Punaro is now working to help patients by drawing more doctors into her field. George Lister, professor and chairman of the department of pediatrics at UT Southwestern, was moved after reading an article about a journalist’s quest to find a rheumatoid pediatrician in Washington, D.C. “No one’s as passionate about the care of a patient as that child’s parent,” he says. “It was a tragedy that this individual couldn’t find someone for the care of his own daughter in our nation’s capital.” So he showed the article to Punaro and said, “Let’s do something about this.”

The obscure subspecialty, which requires an additional three years of training after residency, has received a lot of attention under Punaro’s care as division director of pediatric rheumatology and the training program director of the fellowship training program at UT Southwestern. “She has a long line of residents who are interested,” Lister says. “Somehow, she has conveyed to others a tremendous interest in the field.”

One of Punaro’s students is Dr. Alisa Gotte, a former fellow. She says her time with Punaro has been priceless. “We deal in a field where there are a lot of unknowns,” she says. “One thing she taught me was never slap a label on a patient unless you’re sure that’s what they have. Sometimes, if you pigeonhole someone in diagnosis, you forget to think about them, and then later science comes up with a clearer answer, and it passes you by because you limited your options.”

===“You do function as a consultant. And you get asked to see the very complex patients that people aren’t sure what’s going on. Sometimes you do figure it out. That’s a lot of fun.”!==

A lot of unknowns—that’s exactly what the McFersons were facing when they brought their son Coen to Scottish Rite for an appointment with Punaro. And after eight months of driving back and forth from Austin to Dallas, the McFersons were starting to give up hope. “We didn’t see an end in sight,” Tauni says. “But at the same time, we couldn’t fathom Coen going through this pain any longer.” But they didn’t give up on Punaro, because they said they’d rather have no diagnosis than the wrong diagnosis.

Coen’s case was a perfect example of what Punaro means when she says hers are diagnoses of exclusion. Only by eliminating diagnoses, a time-consuming process, could she whittle down the possibilities until she found out what was wrong with her patient. “I say I don’t know a lot,” Punaro says. “You have to be humble to be a rheumatologist.”

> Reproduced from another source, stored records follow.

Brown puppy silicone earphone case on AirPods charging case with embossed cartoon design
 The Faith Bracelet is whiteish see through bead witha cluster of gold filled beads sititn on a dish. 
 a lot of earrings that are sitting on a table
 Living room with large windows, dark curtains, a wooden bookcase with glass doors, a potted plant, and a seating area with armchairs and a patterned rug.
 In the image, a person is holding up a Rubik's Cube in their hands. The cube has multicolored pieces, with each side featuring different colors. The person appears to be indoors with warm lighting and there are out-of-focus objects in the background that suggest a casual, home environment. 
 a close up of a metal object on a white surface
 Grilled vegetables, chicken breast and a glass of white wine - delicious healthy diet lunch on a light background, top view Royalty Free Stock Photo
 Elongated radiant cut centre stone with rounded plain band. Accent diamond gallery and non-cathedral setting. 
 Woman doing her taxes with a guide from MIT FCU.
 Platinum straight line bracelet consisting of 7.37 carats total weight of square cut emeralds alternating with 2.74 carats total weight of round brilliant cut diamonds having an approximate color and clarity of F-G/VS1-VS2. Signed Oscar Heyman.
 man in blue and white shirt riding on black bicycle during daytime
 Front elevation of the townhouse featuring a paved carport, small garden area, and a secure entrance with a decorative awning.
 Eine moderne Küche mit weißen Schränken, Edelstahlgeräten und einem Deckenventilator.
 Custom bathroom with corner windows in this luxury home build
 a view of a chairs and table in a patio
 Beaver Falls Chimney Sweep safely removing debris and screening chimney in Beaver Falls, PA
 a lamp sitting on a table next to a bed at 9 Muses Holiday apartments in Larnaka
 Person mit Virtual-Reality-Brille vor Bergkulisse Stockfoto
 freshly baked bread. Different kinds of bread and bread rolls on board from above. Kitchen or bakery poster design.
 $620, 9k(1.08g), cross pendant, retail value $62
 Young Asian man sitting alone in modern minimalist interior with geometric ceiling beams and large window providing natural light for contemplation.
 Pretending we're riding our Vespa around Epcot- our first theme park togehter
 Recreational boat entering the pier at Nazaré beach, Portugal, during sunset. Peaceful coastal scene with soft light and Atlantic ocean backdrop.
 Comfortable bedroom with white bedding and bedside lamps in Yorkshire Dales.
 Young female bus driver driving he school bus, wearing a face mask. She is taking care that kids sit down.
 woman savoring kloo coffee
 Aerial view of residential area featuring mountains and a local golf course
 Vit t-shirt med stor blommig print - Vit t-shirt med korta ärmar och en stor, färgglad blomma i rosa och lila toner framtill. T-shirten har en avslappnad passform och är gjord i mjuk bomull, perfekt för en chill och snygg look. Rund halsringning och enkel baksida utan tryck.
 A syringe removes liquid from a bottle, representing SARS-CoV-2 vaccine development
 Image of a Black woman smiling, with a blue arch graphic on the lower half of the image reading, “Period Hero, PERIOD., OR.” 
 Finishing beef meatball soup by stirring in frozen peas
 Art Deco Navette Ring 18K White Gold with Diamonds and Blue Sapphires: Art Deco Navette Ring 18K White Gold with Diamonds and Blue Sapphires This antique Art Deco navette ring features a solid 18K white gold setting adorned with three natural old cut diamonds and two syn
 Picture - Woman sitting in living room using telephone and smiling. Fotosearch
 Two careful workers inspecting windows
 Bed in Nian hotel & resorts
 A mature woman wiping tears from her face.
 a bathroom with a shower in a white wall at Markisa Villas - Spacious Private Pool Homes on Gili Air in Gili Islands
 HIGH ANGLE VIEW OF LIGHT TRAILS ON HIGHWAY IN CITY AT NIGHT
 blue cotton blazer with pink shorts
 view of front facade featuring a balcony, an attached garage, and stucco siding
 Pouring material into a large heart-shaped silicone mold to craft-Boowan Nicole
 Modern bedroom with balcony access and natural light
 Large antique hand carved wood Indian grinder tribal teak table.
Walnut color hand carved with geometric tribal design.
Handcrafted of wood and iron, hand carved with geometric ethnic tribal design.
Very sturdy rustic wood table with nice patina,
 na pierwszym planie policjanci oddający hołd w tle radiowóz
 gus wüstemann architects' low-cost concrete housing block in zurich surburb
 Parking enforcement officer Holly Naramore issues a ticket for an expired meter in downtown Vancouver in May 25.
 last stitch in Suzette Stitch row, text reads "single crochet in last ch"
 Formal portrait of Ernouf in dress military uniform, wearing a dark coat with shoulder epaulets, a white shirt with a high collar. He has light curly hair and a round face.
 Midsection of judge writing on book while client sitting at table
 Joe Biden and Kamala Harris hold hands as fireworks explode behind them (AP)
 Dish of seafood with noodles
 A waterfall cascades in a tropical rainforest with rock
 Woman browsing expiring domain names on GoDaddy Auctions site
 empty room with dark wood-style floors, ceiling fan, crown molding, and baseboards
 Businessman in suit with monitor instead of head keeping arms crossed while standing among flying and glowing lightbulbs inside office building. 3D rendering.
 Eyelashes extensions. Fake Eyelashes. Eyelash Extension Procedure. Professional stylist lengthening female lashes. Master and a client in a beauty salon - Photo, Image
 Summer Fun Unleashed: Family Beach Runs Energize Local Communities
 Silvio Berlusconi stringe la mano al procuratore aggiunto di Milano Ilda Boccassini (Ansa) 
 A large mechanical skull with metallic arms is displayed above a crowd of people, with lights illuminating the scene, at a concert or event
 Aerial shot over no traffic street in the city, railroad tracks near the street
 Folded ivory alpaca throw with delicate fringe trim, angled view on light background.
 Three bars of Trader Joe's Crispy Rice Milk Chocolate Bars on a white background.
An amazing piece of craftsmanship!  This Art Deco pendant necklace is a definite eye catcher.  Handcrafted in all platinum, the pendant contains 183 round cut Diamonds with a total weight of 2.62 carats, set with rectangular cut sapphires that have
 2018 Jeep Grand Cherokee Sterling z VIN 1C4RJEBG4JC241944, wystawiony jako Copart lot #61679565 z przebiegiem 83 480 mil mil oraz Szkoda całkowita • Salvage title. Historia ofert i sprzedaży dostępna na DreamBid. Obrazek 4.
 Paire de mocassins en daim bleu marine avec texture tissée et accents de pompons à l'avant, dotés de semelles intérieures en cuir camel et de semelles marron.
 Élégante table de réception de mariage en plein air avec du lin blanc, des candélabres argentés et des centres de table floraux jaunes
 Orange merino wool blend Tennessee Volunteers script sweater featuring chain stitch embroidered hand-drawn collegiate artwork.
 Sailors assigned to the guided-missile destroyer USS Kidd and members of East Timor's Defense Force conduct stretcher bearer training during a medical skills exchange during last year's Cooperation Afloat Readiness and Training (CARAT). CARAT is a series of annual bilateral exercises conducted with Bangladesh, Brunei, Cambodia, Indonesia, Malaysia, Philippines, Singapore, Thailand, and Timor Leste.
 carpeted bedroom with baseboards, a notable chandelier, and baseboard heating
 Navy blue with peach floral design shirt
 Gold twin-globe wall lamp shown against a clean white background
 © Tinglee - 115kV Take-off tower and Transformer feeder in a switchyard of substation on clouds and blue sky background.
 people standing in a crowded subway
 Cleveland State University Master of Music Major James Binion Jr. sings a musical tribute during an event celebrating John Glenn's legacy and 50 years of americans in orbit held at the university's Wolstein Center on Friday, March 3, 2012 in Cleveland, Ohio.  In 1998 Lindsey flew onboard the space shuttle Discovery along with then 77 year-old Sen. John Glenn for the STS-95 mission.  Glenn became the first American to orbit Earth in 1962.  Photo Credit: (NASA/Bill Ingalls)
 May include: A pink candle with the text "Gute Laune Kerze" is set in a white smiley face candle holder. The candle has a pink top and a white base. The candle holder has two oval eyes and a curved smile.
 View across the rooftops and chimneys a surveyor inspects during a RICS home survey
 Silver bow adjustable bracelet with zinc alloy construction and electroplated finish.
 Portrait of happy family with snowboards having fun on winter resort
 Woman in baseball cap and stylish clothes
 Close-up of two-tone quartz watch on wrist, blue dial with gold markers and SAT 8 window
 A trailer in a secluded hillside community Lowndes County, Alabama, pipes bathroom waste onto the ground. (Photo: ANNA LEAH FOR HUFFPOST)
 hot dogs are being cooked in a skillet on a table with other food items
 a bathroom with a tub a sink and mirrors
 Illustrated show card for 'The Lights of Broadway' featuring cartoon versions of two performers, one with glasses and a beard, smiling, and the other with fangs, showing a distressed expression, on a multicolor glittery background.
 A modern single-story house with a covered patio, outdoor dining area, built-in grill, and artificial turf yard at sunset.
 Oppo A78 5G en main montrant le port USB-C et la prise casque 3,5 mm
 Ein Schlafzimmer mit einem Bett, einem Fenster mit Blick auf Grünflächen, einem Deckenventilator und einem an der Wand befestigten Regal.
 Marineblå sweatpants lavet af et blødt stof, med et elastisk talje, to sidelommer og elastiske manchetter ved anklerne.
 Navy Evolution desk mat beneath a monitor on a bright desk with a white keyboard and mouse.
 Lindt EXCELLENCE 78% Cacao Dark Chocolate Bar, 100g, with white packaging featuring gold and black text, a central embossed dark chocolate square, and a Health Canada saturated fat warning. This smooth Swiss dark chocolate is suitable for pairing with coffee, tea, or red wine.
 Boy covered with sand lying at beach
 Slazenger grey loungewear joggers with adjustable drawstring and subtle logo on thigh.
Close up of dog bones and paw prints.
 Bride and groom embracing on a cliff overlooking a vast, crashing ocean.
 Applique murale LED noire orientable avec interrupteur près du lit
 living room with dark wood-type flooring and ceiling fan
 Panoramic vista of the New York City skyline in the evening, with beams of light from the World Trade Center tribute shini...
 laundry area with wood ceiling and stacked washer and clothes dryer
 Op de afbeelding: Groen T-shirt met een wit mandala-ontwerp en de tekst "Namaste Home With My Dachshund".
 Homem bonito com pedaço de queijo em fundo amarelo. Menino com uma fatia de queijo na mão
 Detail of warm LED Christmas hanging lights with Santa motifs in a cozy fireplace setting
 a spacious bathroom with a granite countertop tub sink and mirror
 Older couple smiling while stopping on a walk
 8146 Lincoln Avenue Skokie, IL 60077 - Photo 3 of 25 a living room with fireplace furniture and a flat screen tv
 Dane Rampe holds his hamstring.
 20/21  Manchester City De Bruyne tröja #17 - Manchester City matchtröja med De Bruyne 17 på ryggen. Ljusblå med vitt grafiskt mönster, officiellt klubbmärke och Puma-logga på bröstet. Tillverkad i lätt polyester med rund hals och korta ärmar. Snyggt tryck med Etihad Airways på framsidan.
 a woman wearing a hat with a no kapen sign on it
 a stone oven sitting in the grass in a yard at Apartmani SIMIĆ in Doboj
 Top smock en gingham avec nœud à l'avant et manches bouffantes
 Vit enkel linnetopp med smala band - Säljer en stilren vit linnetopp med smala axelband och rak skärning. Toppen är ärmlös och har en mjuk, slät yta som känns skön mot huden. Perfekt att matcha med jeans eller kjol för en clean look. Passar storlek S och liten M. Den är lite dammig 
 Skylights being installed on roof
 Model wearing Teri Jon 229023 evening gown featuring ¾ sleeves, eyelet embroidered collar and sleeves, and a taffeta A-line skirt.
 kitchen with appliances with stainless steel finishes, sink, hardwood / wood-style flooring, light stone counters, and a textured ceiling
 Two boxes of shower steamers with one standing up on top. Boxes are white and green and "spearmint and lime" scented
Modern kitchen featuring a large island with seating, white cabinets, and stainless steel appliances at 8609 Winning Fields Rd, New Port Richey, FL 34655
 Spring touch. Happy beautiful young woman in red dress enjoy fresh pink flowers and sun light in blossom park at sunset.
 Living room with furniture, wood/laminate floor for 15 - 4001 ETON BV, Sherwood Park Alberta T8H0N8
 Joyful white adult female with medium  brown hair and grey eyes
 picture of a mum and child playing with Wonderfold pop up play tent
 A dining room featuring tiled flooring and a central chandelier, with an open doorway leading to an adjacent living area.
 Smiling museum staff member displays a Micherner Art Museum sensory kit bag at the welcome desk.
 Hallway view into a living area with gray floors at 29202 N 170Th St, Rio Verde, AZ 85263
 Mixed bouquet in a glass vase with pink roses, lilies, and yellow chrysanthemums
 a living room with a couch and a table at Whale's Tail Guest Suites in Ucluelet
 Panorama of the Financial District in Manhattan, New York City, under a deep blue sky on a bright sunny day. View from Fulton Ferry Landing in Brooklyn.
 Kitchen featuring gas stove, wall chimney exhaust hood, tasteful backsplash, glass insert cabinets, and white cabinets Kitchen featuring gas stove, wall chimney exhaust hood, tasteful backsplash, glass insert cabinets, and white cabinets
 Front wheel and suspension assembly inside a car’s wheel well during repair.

In January 2009, Punaro scheduled another MRI for Coen, a toddler who by then understood the meaning of the word “pain.” “We didn’t expect any answers,” Tauni says. “We were pretty broken by this point.” But in that MRI Punaro noticed something unusual between Coen’s femoral head and his hip socket. A CT scan confirmed there was a bone the size of a pencil eraser in his hip socket. When an orthopedic surgeon removed the bone, he found a tumor, also known as an osteoid osteoma. The tumor was what was causing the night spasms.

It’s been a year since Coen’s leg was operated on. He is now a healthy 3-year-old who loves to spend time with his dad on the trampoline. On the one-year anniversary of their son’s surgery, Tauni and Jayd lay in bed talking until 2 am. “We just really reflected on how incredibly blessed we are that we had Scottish Rite, and that we had Dr. Punaro,” Tauni says. “We attribute Coen’s walking, his healing to Dr. Punaro 100 percent.”

At this point in the show, House would make some sarcastic remark about humanity being overrated and limp off with his cane. But not Punaro. Instead, she’ll call Coen to check up on him. And as she turns around to finish her paper, a card with an outline of Coen’s footprint reminds her of why she does her job. The card says: “Thank you for always having the mind of an incredible physician and the heart of a loving parent.”